GAITHERSBURG, MARYLAND -- (Marketwire) -- 02/20/13 -- Cytomedix, Inc. (OTCQX: CMXI)
•$7.5 Million Senior Secured Term Loan Facility •$5.0 Million Equity Raise •$15 Million Committed Equity Facility
Cytomedix, Inc. (OTCQX: CMXI) (the "Company"), a regenerative therapies company commercializing and developing innovative platelet and adult stem cell technologies, announced today the execution of a comprehensive financing plan for 2013. Included in these executed transactions is a tranched $7.5 million senior secured term loan facility, a $5 million equity raise, and a $15 million committed equity facility. The initial fundings position Cytomedix to confidently execute on its 2013 operational business plan.
"We are pleased with this capital infusion, as it provides us with the necessary capital to execute on our strategic growth plans," said Martin Rosendale, Chief Executive Officer of Cytomedix. "This capital will facilitate our continued growth following the record product sales we achieved in the fourth quarter of 2012, the expansion of the AutoloGel System with Medicare coverage, and the international growth of the Angel cPRP System."
$7.5 Million Credit & Security Agreement with MidCap Financial, LLC
The Company has entered into a Credit and Security Agreement with Midcap Financial LLC. The agreement provides for an aggregate term loan commitment of $7.5 million, of which $4.5 million will be received by the Company in the first tranche upon the closing of the transaction, following satisfaction of certain closing conditions.
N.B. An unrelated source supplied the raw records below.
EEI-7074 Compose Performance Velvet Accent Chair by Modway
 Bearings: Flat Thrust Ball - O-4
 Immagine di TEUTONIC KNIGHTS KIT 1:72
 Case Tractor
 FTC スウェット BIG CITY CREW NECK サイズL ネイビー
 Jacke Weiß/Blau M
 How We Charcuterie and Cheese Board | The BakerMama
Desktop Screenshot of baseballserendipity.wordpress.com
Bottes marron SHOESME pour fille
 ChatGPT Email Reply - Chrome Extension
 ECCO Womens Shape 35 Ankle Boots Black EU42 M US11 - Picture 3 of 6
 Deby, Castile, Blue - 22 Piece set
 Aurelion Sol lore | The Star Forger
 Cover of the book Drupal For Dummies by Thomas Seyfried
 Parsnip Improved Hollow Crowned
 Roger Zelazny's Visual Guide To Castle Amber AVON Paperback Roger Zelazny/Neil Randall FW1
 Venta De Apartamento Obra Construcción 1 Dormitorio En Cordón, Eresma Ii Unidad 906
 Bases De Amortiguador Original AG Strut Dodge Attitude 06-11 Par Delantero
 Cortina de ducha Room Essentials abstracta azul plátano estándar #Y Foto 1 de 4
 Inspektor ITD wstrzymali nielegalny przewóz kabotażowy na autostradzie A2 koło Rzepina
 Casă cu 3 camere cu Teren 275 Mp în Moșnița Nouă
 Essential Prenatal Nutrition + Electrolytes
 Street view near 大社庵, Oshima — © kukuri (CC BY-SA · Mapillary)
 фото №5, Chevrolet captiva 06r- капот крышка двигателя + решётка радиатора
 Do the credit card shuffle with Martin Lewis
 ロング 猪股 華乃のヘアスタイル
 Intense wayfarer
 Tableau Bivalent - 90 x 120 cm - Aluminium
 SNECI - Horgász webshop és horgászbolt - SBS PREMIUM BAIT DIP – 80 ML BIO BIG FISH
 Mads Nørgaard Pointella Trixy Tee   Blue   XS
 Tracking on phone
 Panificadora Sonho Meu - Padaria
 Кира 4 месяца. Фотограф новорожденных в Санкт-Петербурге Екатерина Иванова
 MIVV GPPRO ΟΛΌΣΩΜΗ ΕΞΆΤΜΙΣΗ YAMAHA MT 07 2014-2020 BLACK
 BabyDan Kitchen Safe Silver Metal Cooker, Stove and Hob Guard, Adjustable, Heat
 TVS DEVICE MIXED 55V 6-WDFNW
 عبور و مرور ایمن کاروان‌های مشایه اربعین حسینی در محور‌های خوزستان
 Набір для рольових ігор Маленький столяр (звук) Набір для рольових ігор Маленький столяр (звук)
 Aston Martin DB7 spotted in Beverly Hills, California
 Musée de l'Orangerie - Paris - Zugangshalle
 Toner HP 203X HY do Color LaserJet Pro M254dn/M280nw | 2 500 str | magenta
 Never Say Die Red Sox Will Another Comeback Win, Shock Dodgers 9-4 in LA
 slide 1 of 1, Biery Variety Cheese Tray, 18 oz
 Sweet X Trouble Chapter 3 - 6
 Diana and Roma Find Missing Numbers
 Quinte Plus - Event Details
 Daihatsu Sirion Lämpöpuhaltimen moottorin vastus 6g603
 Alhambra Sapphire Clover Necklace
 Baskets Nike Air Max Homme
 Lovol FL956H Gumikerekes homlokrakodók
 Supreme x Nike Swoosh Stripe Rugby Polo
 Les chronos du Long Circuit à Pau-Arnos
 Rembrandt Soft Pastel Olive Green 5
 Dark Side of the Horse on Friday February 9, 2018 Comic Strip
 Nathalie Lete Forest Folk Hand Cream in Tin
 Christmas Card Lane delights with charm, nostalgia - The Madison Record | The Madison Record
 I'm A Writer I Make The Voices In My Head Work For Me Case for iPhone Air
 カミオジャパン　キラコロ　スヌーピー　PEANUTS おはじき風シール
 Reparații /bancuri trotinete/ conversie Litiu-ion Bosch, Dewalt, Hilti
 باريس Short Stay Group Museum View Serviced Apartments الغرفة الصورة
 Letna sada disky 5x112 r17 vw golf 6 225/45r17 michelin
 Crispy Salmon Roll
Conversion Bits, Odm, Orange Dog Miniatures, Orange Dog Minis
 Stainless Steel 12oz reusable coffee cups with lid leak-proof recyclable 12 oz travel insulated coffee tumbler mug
The second tranche of $3.0 million may be advanced to the Company, at the Company's discretion, upon satisfaction of certain milestone and additional capital inflow requirements.
$5 Million Registered Offering
The Company has also entered into securities purchase agreements with certain existing institutional shareholders comprising members of its largest existing shareholder, Aldagen Holdings LLC, the State of Maryland Venture Fund, and other new institutional investors for the sale of 9,090,910 shares of its common stock in a registered offering at $0.55 per share. In addition, warrants to purchase an aggregate of 6,363,637 shares of common stock will be issued to the investors. The warrants are exercisable immediately, expire five years after issuance and have an exercise price of $0.75 per share. Gross proceeds of the offering, before placement agent fees and offering expenses, are expected to be $5.0 million. Subject to customary closing conditions, this transaction is expected to close on or before February 25, 2013. These securities were offered through a prospectus supplement pursuant to the Company's effective shelf registration statement and base prospectus contained therein. Burrill Securities LLC acted as sole placement agent for this offering, and Barrington Research Associates, Inc. acted as a financial advisor to the Company in connection with the offering.
$15 Million Committed Equity Facility
As a condition to the Credit and Security Agreement, on February 18, 2013, the Company entered into a purchase agreement, together with a registration rights agreement, with Lincoln Park Capital Fund, LLC, who also participated in the $5 million registered offering, pursuant to which the Company has the right to sell to Lincoln Park up to $15 million in shares of its common stock, subject to certain limitations, from time to time over the 30-month period commencing on the date that a registration statement, which the Company agreed to file with the Securities and Exchange Commission pursuant to the registration rights agreement, is declared effective by the SEC and a final prospectus in connection therewith is filed. The Company's sales of shares of Common Stock to Lincoln Park under the Purchase Agreement are limited to no more than the number of shares that would result in the beneficial ownership by Lincoln Park and its affiliates, at any single point in time, of more than 9.99% of the then outstanding shares of the Company's common stock.